René Char, Pablo Neruda et Jorge Luis Borges étaient nominés au Nobel en 1965. Sur ces trois-là, seul Neruda recevra la récompense suprême, en 1971. Borges souvent pressenti pour le Nobel ne l’aura finalement jamais reçu. D’après le critique littéraire Piotr Vail, son écartement reposerait sur des motifs idéologiques :
« Le Comité Nobel, comme toute communauté d’intellectuels, regroupe des représentants de la gauche. La gauche, dans un sens européen, bien sûr. C’est pourquoi un des plus grands écrivains du XXe siècle, Jorge Luis Borges, n’a pas reçu le Prix Nobel. Il a rendu visite à Pinochet, lui a serré la main et l’a loué pour l’écrasement des communistes. Tous comprenaient la grandeur de Borges en tant qu’écrivain, mais Pinochet, ça ne lui a pas été pardonné. »
Pamis les auteurs français nominés, on comptait Marguerite Yourcenar, Henri Troyat, Gustave Thibon, Georges Simenon, Henri de Montherlant, André Malraux, Gabriel Marcel, Marcel Jouhandeau, René Char, Henri Bosco, René Behaine, et Louis Aragon. Aucun d’eux n’aura finalement été nobélisé...
Parmis les autres nominés, on comptait Vladimir Nabokov, Anna Akhmatova, Theodor Adorno, Friedrich Dürrenmatt, Erich Kästner, Ezra Pound, Guiseppe Ungaretti et Samuel Beckett. Seul ce dernier a été récompensé, en 1969.
Le choix de Mikhail Cholokov, qui avait divisé l’opinion, était pourtant unanime d’après le journal Svenska Dagbladet qui a pu consulter les archives plus en profondeur. Le poète suédois Anders Österling l’avait particulièrement défendu, qualifiant sa série de romans Le Flot paisible (trad. Antoine Vitez) de « chef d’œuvre classique, qui garde son éclat à chaque relecture, et mérite une récompense, même si elle vient trop tard ». Les romans avaient été publiés entre 1928 et 1940.

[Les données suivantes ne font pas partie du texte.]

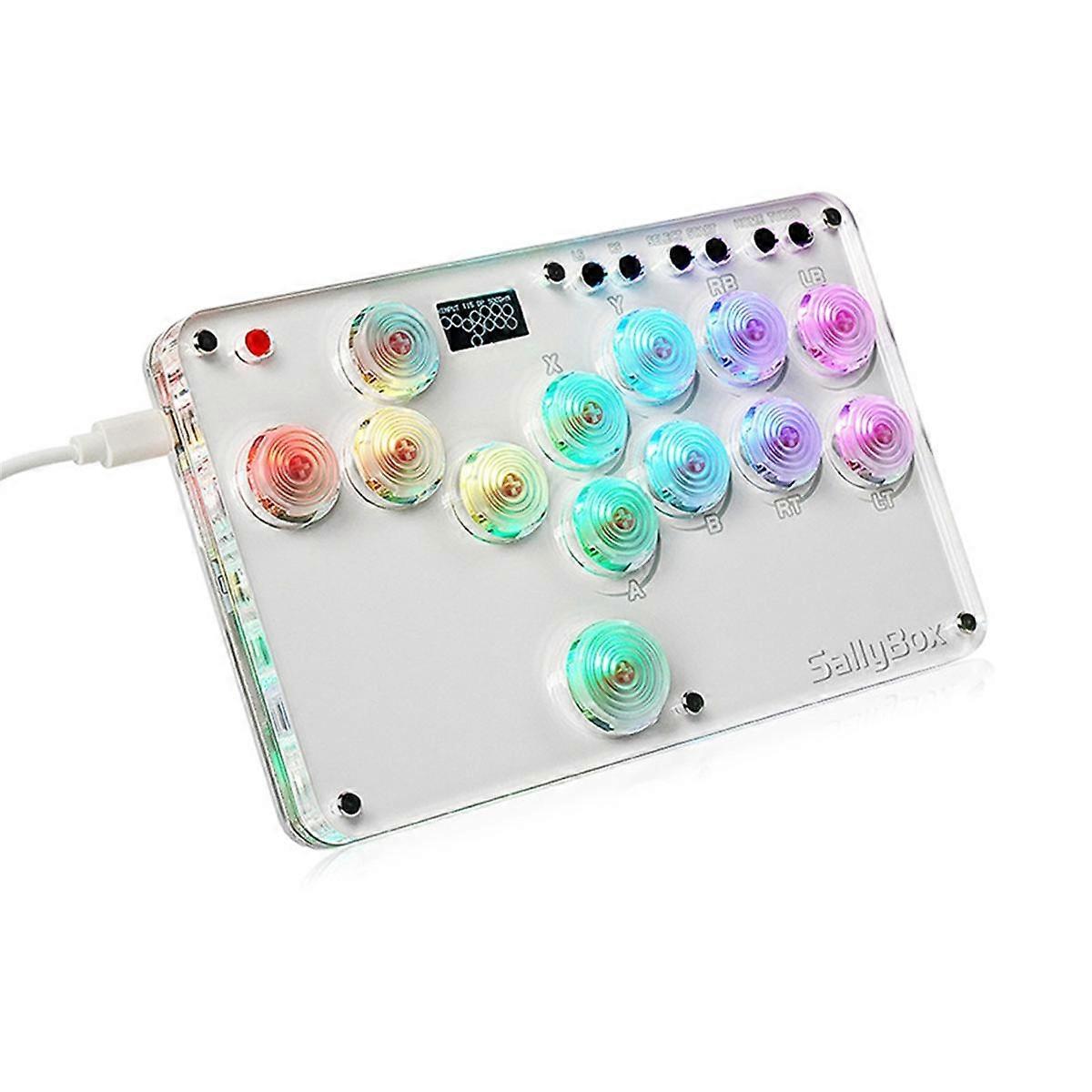 Fighting Stick Controller for PC Switch Colorful Arcade Joystick Fight Stick Game Controller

On y apprend également que le prix aurait pu être partagé entre la poète russe Anna Akhmatova, excommuniée en 1946, et Cholokov. C’est Anders Österling qui s’y était opposé, en mettant en avant que les deux auteurs n’avaient rien d’autre que leur langue en commun...
La possibilité de partager le prix entre Miguel Angel Asturias et Borges avait également été évoquée, ou entre Joseph Agnon et Nelly Sachs, qui le partageraient finalement l’année suivante. Quant au Guatémaltèque Asturias, il a pu être nobélisé en 1967... Borges semble bien le nominé de cette sélection le plus laissé de côté.